I just attended a one day seminar in Chicago covering the topic of prediction markets. So what are they? PM's are securities based on the possible outcomes of an event or question. The wisdom of crowds, or crowdsourcing is used to try and discover the probability that the event in question will occur. This has been used in sports betting for as long as anyone can remember, but is now being used to predict all sorts of things. The popularity of this phenomena has risen exponentially since the publication of James Surowiecki's book, The Wisdom of Crowds. Another good, although unstructured, source of information is Chris Masse's site.
I've logged a few of the notes here that came out of the meeting:
- Market participants can bet on future outcome of question or event, question is packaged as a stock in a market, betting is buying and selling the stock.
- Learns by weight updating like a neural net: those who are right get rewarded (wealth), and those who are wrong get punished, so on the next round, those with good info have a higher weight (more wealth to put in “stock”)
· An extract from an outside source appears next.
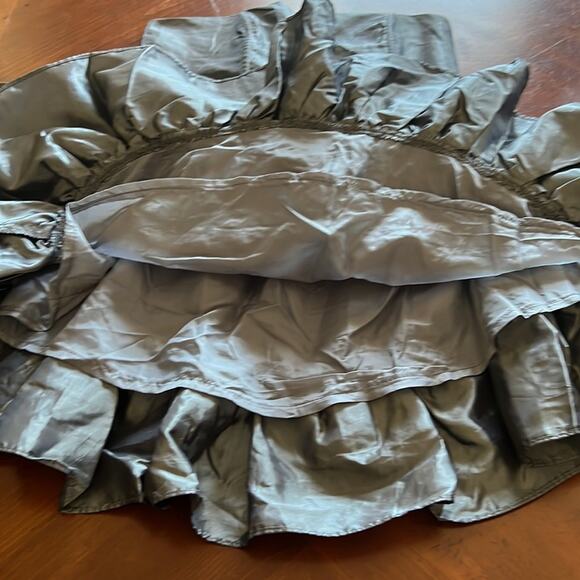 Poetry Clothing Silver Metallic Strapless Tiered Mini Dress with Sash - Picture 10 of 12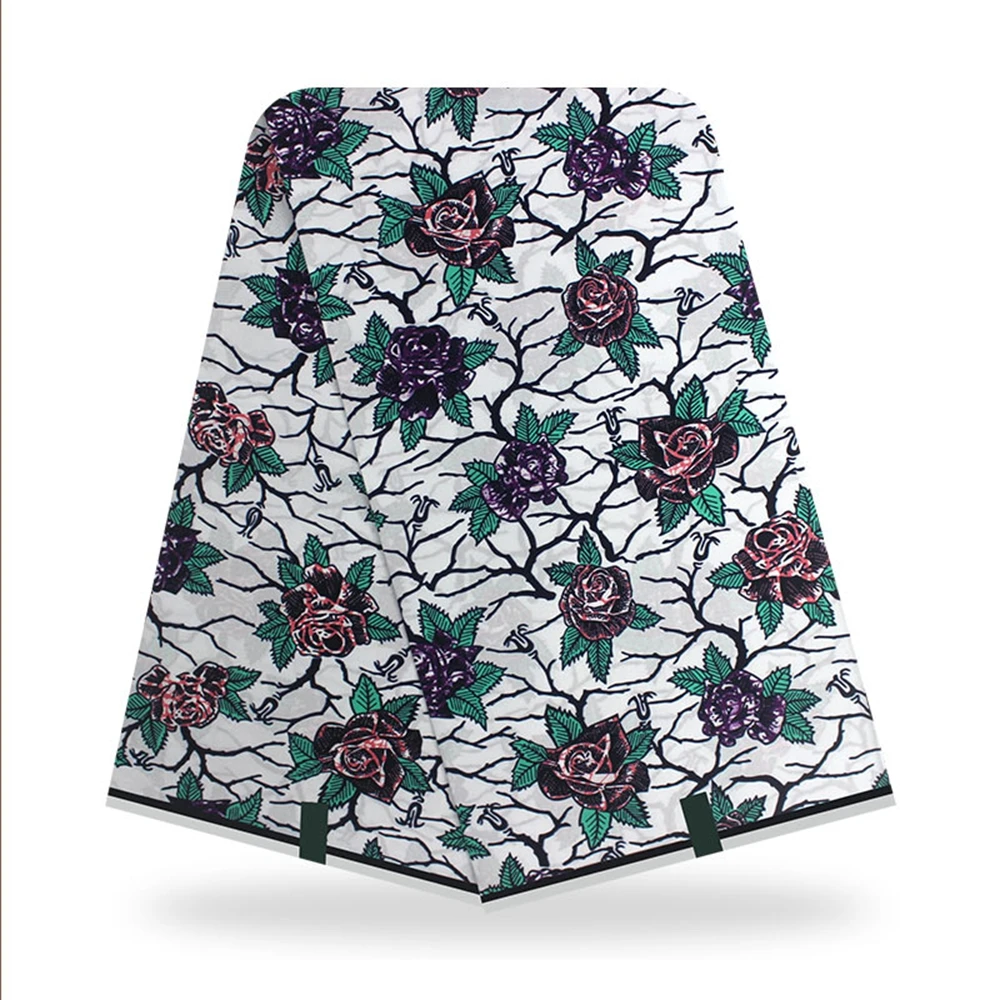 Tecido de Cera Material para o Vestido Melhor Qualidade Nova Africano Real Batik Nigeriano Angola Ancara Pagne Material Algodão Flor Casamento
- Reasonably good predictors when majority have better than even chance of getting it right. Even if this is not the case, those with low chance get weeded out and weighed down in early runs, and those with good chance get wealthy, until good players control the wealth-weighted majority of the vote
- Important to provide enough incentive for participants to try their best to predict outcome
- There has been limited success with some internal trials by companies (Corning, HP). Other examples are the Iowa Electronic Markets, InTrade (run by TradeSports), and the Hollywood Stock Exchange.
- The market requires enough traders to provide liquidity in order to work. How many is enough. Someone's study showed that it didn't have to be a large number, just an active and informed group, perhaps as small as a dozen?
- Don't charge participants to play. If you do it will be subject to gambling laws.